• Dataset content:
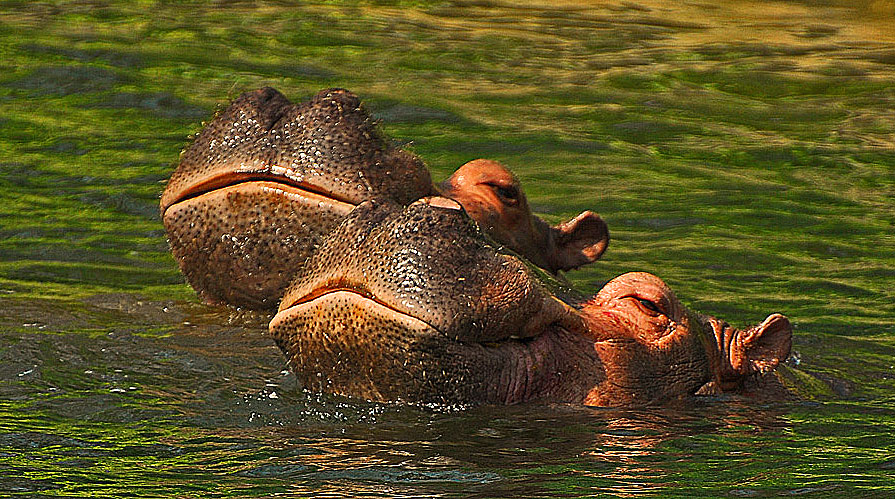 фото "love is in the air....." метки: природа, домашние животные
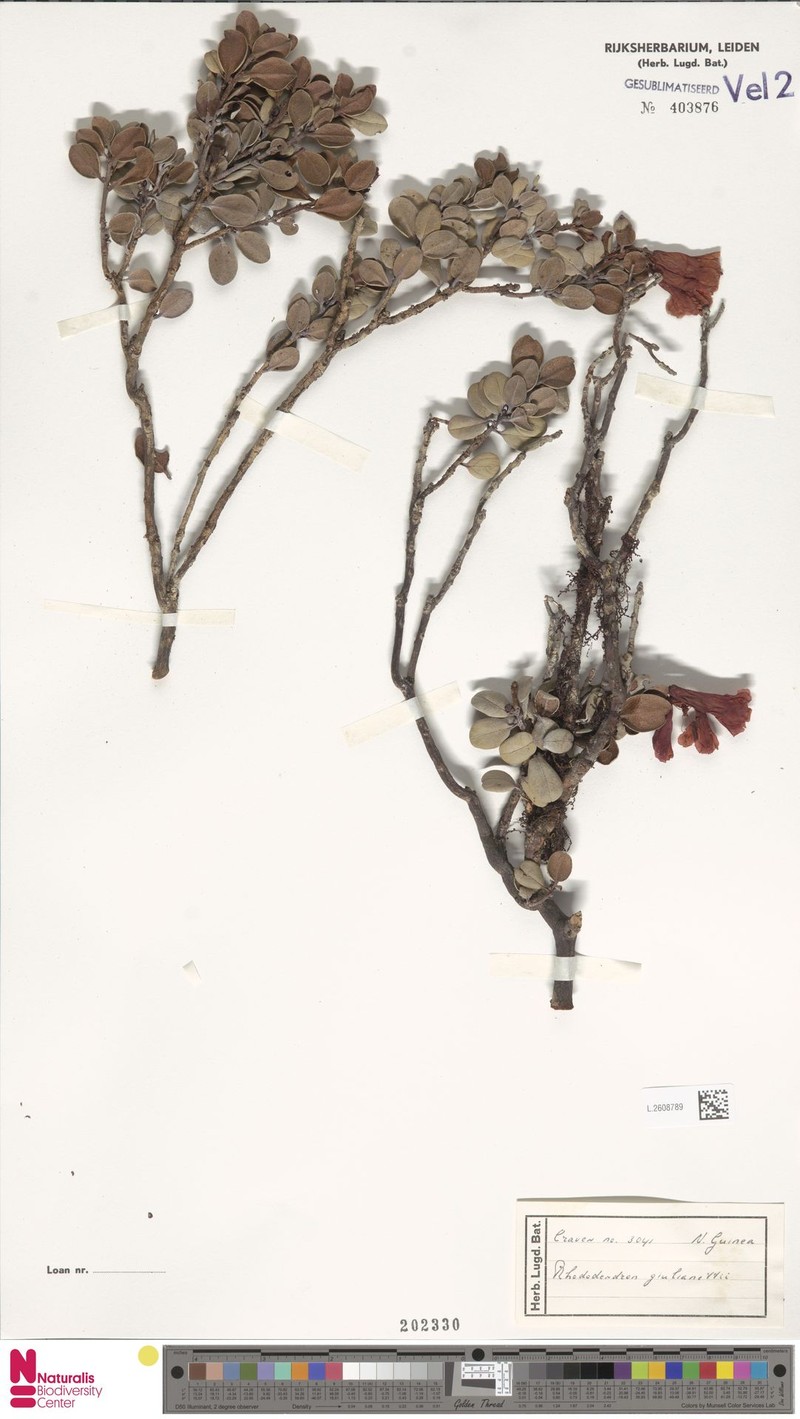 Rhododendron giulianettii photo 2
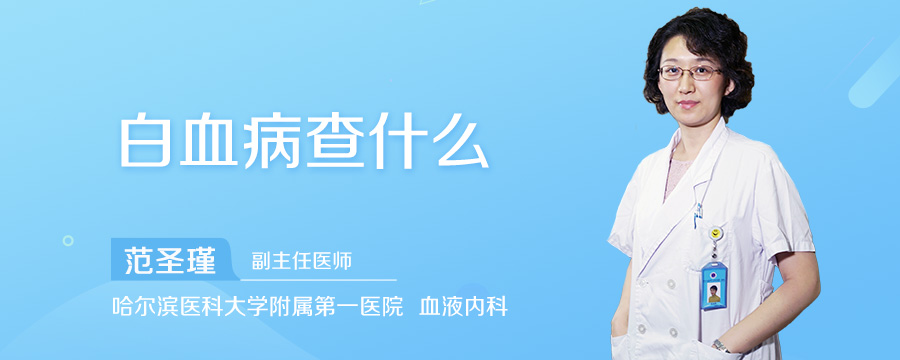 白血病查什么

• Task to carry out: Each line of the material needs to be given again exactly, without any of its pictures.

• Result:
 фото "love is in the air....." метки: природа, домашние животные
 Rhododendron giulianettii photo 2
 白血病查什么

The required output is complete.